Pictures stay out of the copy; output exactly the lines from the one containing "Big Artificial Plant" through the end of the material.

(COLLECTED MATERIAL begins)

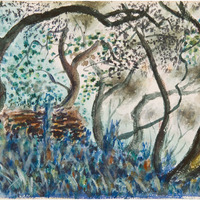 11 a 1279 IMG_5116.tif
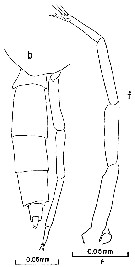 Espce Clausocalanus paululus - Planche 12 de figures morphologiques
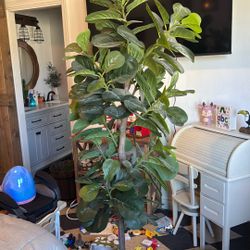 Big Artificial Plant 
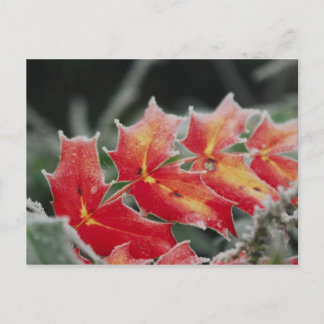 Cartão Postal Placa de posto de Folhas de fosco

(COLLECTED MATERIAL ends)

■ ANSWER SECTION ■
 Big Artificial Plant 
 Cartão Postal Placa de posto de Folhas de fosco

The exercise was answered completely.